Whilst the North South divide is no doubt apparent, we did look at two such Towns (Hastings and Blackpool) to establish if these same problems affected both and, in short they did. Whilst this is not a political of economic forum, we did do a little bit more digging and spoke to regional property investors to gauge their thoughts. An experienced property agent from the Blackpool area, who preferred not to named, thoughts give what we feel it a fairly credible explanation, which seems to be apparent to many such towns:
“The situation we are now faced with is the result of a number of factors and I can’t profess into being an expert at many of them, I just call it as I see it on the ground… Over the past twenty years, tourism has gradually deserted the town or rather evolved into a day-tripper or overnight (stag & hen nights for example) location. All the guesthouses could do was drop their prices as the local planning rules meant there was little else they could do with their properties. Those who did convert into flats / bedsits on a permanent basis did so unofficially and thus created poor quality and illegal stock, but what else were they to do?
Everyone got over excited about the super casino and the transformation of Blackpool into the UK’s Vegas, but that never came and the town continued to slide.”
To give some credit to the local authorities, they have in recent years adopted a number of plans to improve the town and its facilities, limiting the planning restrictions imposed on Guest Houses and Holiday Flats to just a few small and concentrated areas. Those areas outside of these zones can now be converted into permanent residential blocks, but they are restricting the number of smaller units (studios and one bed flats), thus ensuring that there is sufficient family accommodation. But is this enough?

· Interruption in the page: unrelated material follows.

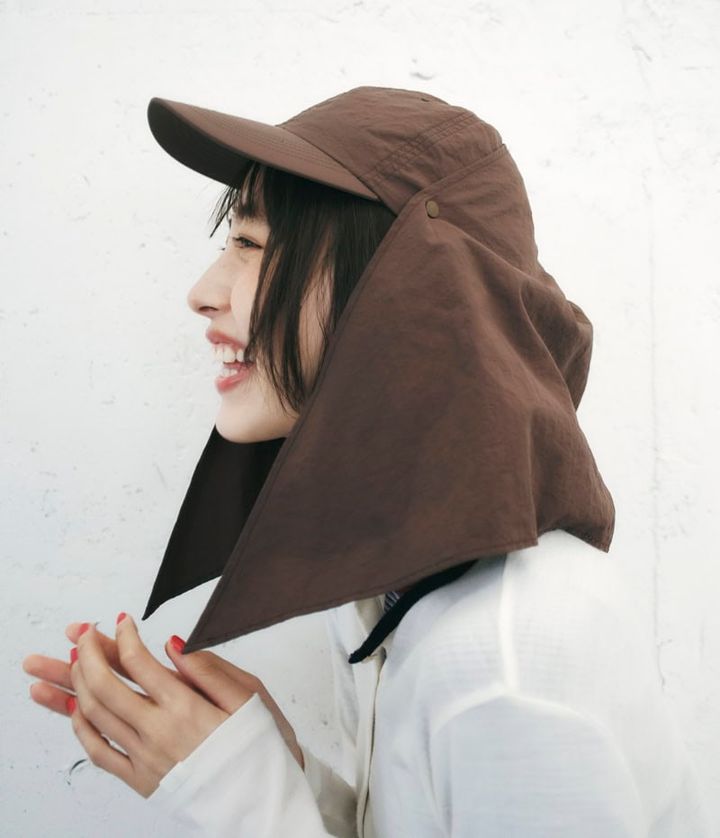 マットなブラウンカラーがコーデを選ばず洒落るカギ。スカーフの裾を結んでシルエットをアレンジするのも可愛い。スカーフキャップ￥16,500（フィーニー）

For the past few years we have been monitoring the sale of a range of properties in Blackpool, which varies hugely on the basis of just a few streets or on whether or not the sale is of a distressed nature. Back to our man on the Ground…
“Two years ago, I had a look at a former hotel a stone’s throw from the Tower (Blackpool Tower – still one of the UKS’s leading attractions). With twenty en-suite rooms over four floors it was being sold by the receivers, at auction, with a guide of £125,000 plus. It wasn’t in bad condition and was bought just a few years earlier for £250,000. We could have easily got six or eight flats out of it, but it was in the ‘hotel zone’ and we’re not interested in holiday lets or running a guest house. It didn’t sell in the room and we were called the day after by the agents seeking best and final bids over £100,000. These prices (per square foot) are third world, but with the planning restrictions and cost of conversion, it just doesn’t make sense. We will probably be looking back in ten years saying ‘I could have bought that for … but for now, I just can’t work out a way to make them pay.”
Taking note of theses comments we did some further research and found scores of such properties, in Blackpool, Hastings and various other seaside towns. Pugh & Company, a leading auctioneer covering the Blackpool area has as many as six such properties in every sale and many sell for less than half of their values just a few years ago. In the next sale, they have a 30 bedroom hotel in need of refurbishment, guided at under £100,000 and another 29 Bedroom property, in good condition and with an indoor swimming pool / bar etc, guided at £175,000. Both of these are on the seafront, just minutes from the heart of the resort.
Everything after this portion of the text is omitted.